McGovern Aide Finds Own Success Tuesday
Augustus Wins Mass. State Senate Seat
Joint victory parties work a lot better when both candidates running for office actually win. Fortunately for Rep. Jim McGovern (D-Mass.) and his chief of staff, Ed Augustus, Tuesday night turned out to be doubly sweet.
After directing McGovern’s staff for six years, Augustus, 39, will step into his new job of representing the people of Worcester, Mass., in the state Senate when he is sworn into office in January. He won the post the same night McGovern captured a fifth term in the House.
Augustus beat out Republican candidate Robi Blute and third-party candidate Jane Burdzel by garnering 61 percent of the vote in the 2nd Worcester district on Tuesday.
After joining the race in August, Blute — the wife of former Rep. Peter Blute (R), whom McGovern ousted in 1996 to take his Congressional seat — earned a place on the ballot through a write-in campaign. The open-seat race was targeted by the state Republican Party, and Blute ended up sending almost a dozen direct-mail drops to constituents in the two months before the election.
But Augustus countered that effort with his strong fundraising and the endorsement of the man he is replacing, Guy Glodis (D), and on Tuesday beat Blute by 28 points, even winning Blute’s home precinct. According to The Associated Press, Augustus earned 39,898 votes to Blute’s 21,510 and Burdzel’s 4,439.

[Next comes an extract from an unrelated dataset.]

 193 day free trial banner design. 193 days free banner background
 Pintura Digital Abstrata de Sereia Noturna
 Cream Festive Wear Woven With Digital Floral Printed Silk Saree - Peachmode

“He racked up an impressive victory against an opponent that was well funded by the state party,” McGovern said of the race. “It’s gratifying for me to see people who have worked in my office go on and fulfill their own dreams and move into prominence in their own right.”

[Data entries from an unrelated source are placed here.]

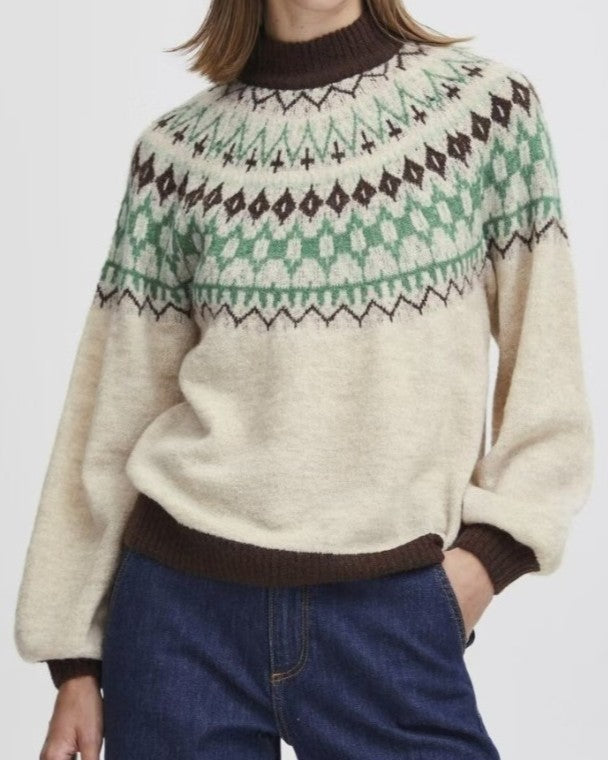 Fair Isle Yoke Crewneck Knit Pullover - C9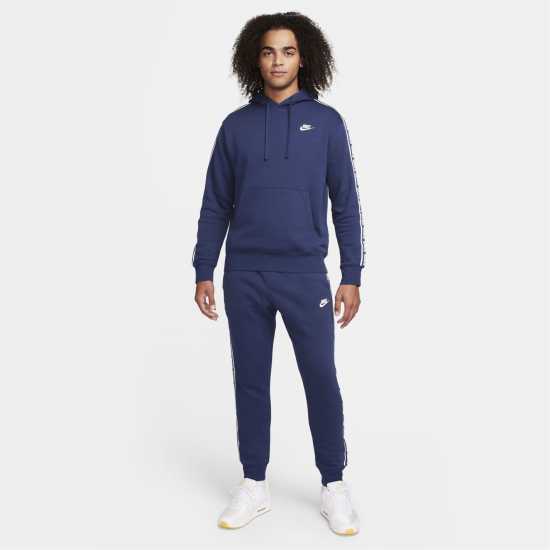 Nike Полар Мъже Club Fleece Mens Graphic Hooded Tracksuit Морско синьо/Бяло Мъжки спортни екипи в две части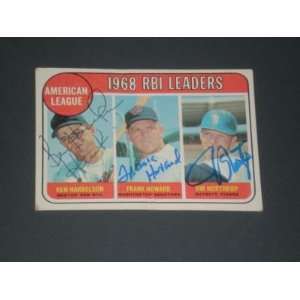  Harrelson/Howard/Northrup Signed 1969 Topps Leaders #3 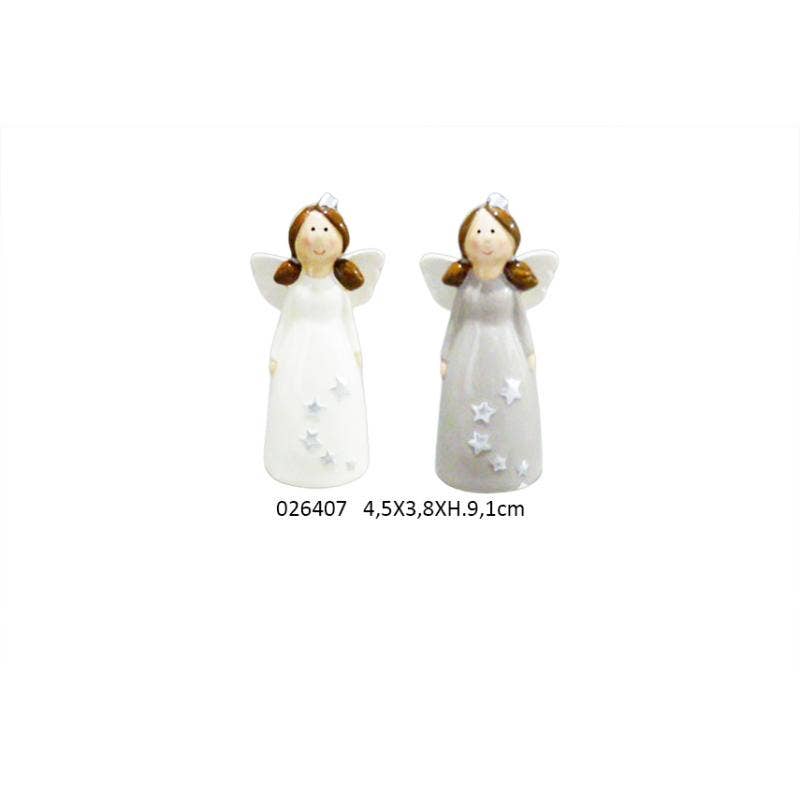 Faye - Wholesale Decorative Figurine - Religious Deco Angel 4.5 X 3.8 X H. 9.1 cm / 2 Ass0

McGovern admitted that on Tuesday night there suddenly was a bit more pressure on him to win his own re-election bid after Augustus found out the results of his race earlier in the evening.

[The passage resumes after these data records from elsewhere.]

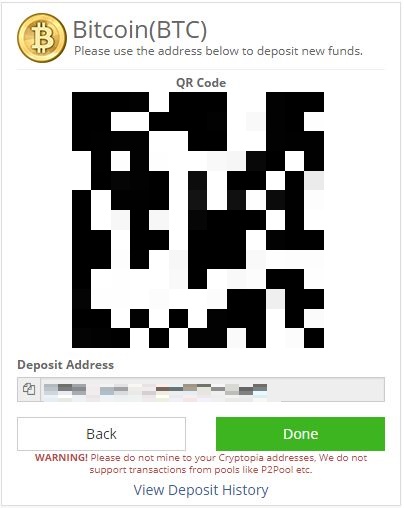 ビットコイン受取用のアドレスが表示されるため、コインチェックや BitFlyer などから送金する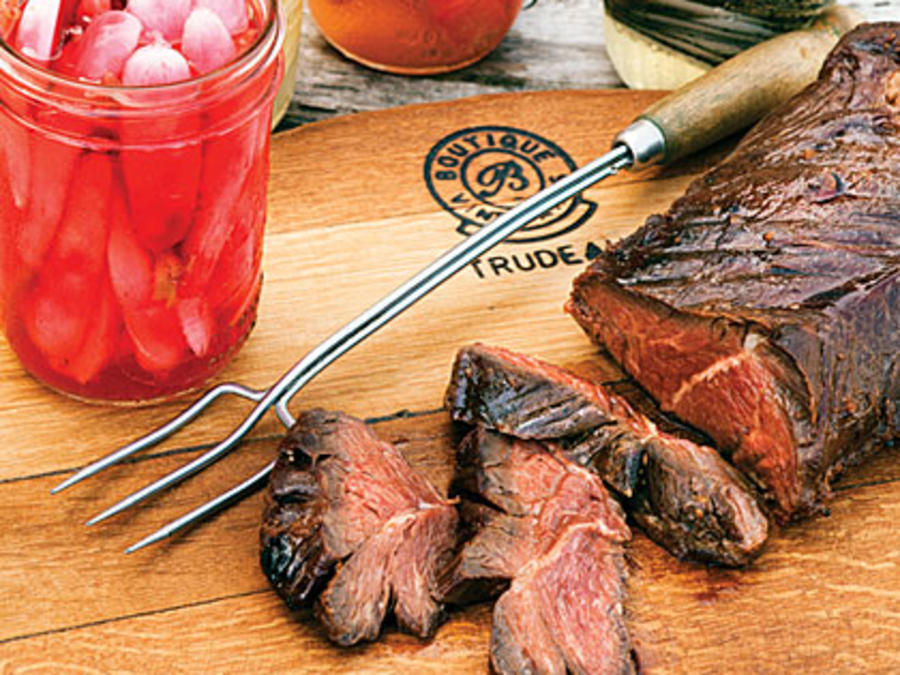 Korean Style Grilled Hanger Steak with a Pickle Bar for the Beach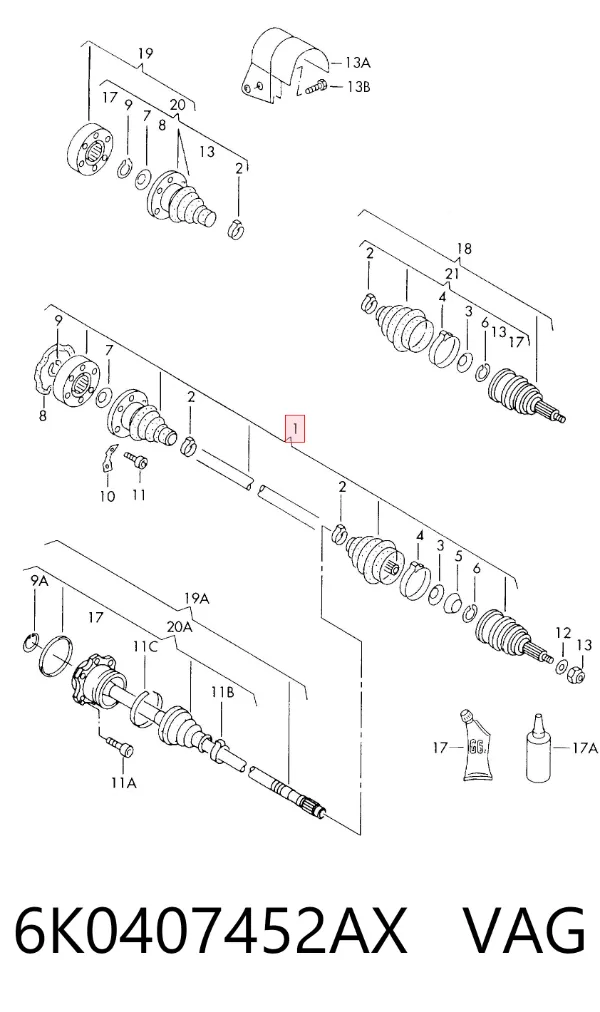 Semieje delantero derecho 6K0407452AX VAG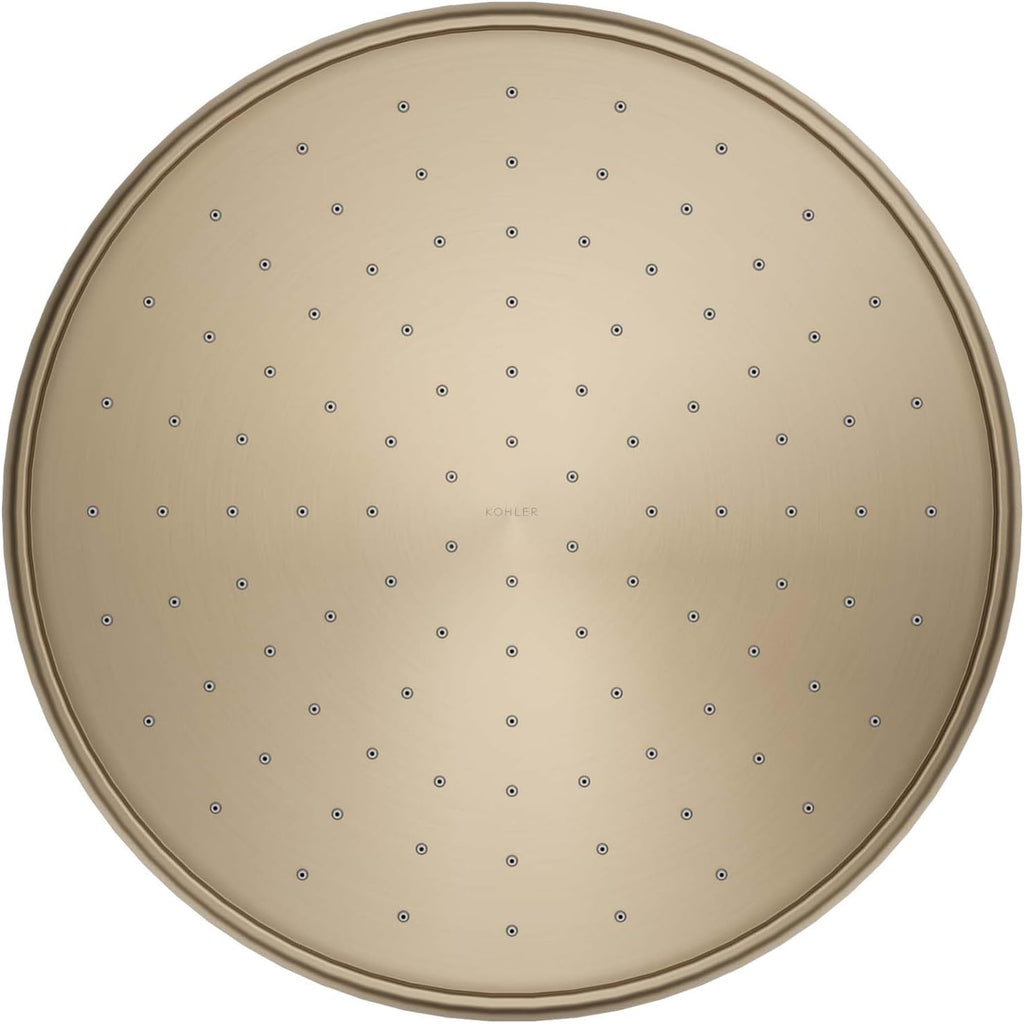 KOHLER 13694-BV Traditional Round Rain Showerhead with Katalyst Air Induction Spray, 2.5 GPM, 12-Inch, Vibrant Brushed Bronze
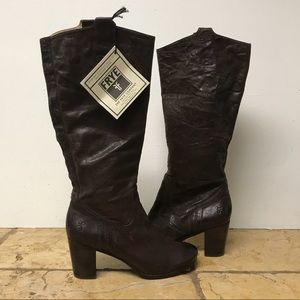 Tall dark brown leather Frye boots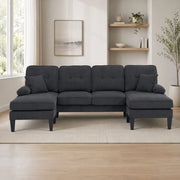 Divano a U 4 posti in tessuto di lino con 2 chaise longue; tasche; USB e Type-C; grigio scuro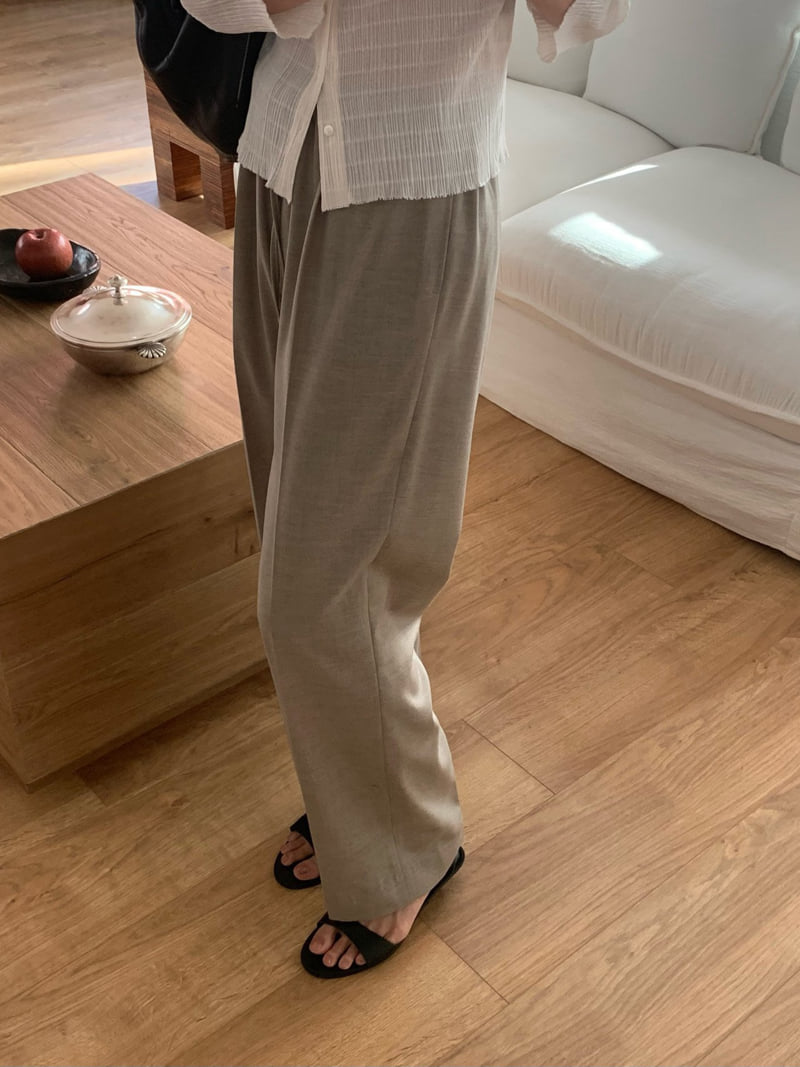 Moani - Korean Women Fashion - #womensfashion - Summer Wool Band Wide Pants - 5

“If I had lost I would have asked him for a job,” McGovern said with a laugh. (That was never really a concern, as McGovern defeated Republican Ron Crews with 71 percent of the vote.)
When Augustus first showed up at the victory celebration after the race had been called, McGovern told his chief of staff and friend “how proud I was of him that he won and ran a good, positive, democratic campaign. … For me, I now have a teammate in the state Legislature that will help me to coordinate projects I want to get involved in.”
After a long night of watching election results with McGovern, Glodis and approximately 1,000 supporters of both campaigns, Augustus said he’s very much relieved.
“Toward the end, I really did want to win awful bad because of the way the campaign had been conducted,” Augustus said. Blute “ran an almost strictly negative campaign, I ran an almost strictly positive campaign. I’m glad the voters picked the positive campaign.”
On Wednesday he was busy accepting congratulations, coordinating media appearances and “figuring out where all these empty beer bottles came from.”
But Augustus also said he had mixed emotions.
“I loved working for Jim and I loved all the people working for him. It’s also bittersweet watching Senator [John] Kerry [D-Mass.] lose” after having worked on his campaign in Iowa and New Hampshire, he said.
Augustus plans to continue working in McGovern’s office for the next two months, both to assist in the upcoming lame-duck session and to help with the transition to a new office chief of staff, whom he will help hire.
Both McGovern and Augustus said they think the position will be filled from within the office.